The other is The Loney by Andrew Michael Hurley, a debut novel that had a first print run of just 300 copies.
The other first novel nominees are Spill Simmer Falter Wither by Sara Baume and Things We Have in Common by Tasha Kavanagh.
The latter, a former film editor who worked on such films as Twelve Monkeys and The Talented Mr Ripley, has published several children's books under her maiden name, Tasha Pym.
Andrew McMillan, Kate Miller, Don Paterson and Neil Rollinson are the four poets shortlisted for the Costa poetry prize.
No poet has won the overall book of the year award since the late Seamus Heaney was named the recipient of the 1999 prize.
The Story of Alice, Robert Douglas-Fairhurst's exploration of Lewis Carroll through the adventures of his most famous creation, is up for the biography prize.
It is shortlisted alongside books about 17th Century antiquarian John Aubrey, the Prussian explorer Alexander von Humboldt, and a house in Germany that was lived in by five different families.

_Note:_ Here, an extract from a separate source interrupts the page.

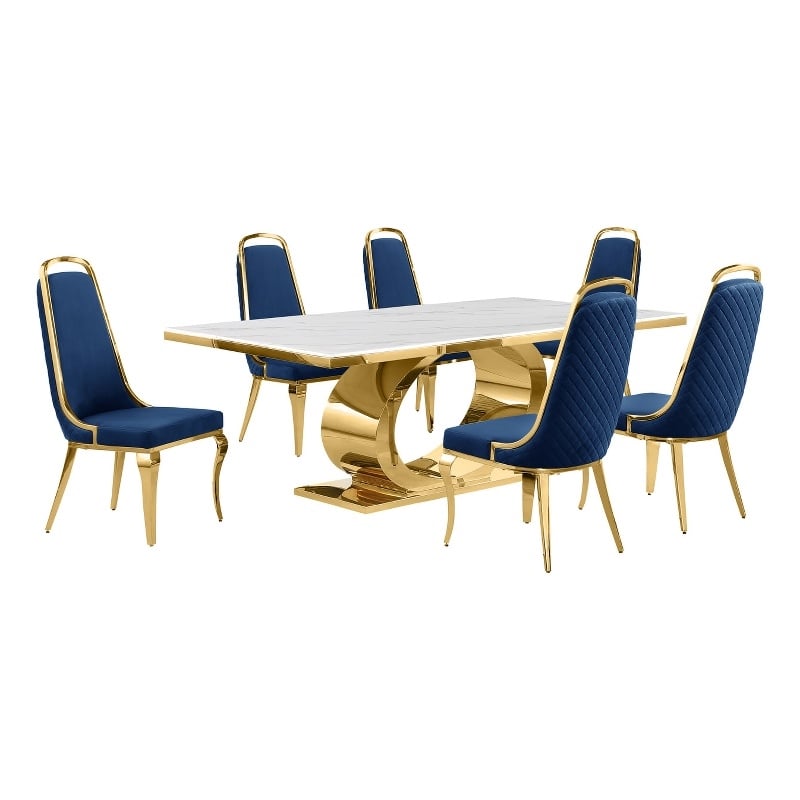 Best Quality Furniture White Marble Dining Set with Navy Blue Velvet Chairs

Andrew Norriss, who won the 1997 Whitbread children's book award, is nominated for the Costa equivalent for his latest work, Jessica's Ghost.
He is the only male on a category shortlist completed by children's authors Frances Hardinge, Hayley Long and Sally Nicholls.
This year's nominees comprise 12 women and eight men in all, with ages ranging from 27 to 68.
"The quality and breadth of talent and writing in this year's lists is staggering," said Christopher Rogers, Costa's managing director.
Novelist Louise Doughty, writer Matt Haig and journalist Penny Junor are among the individual category judges.
Speaking on Radio 4's Front Row on Tuesday, literary critic Alex Clark tipped Enright - the first Laureate for Irish Fiction - to be overall winner of the 2015 prize.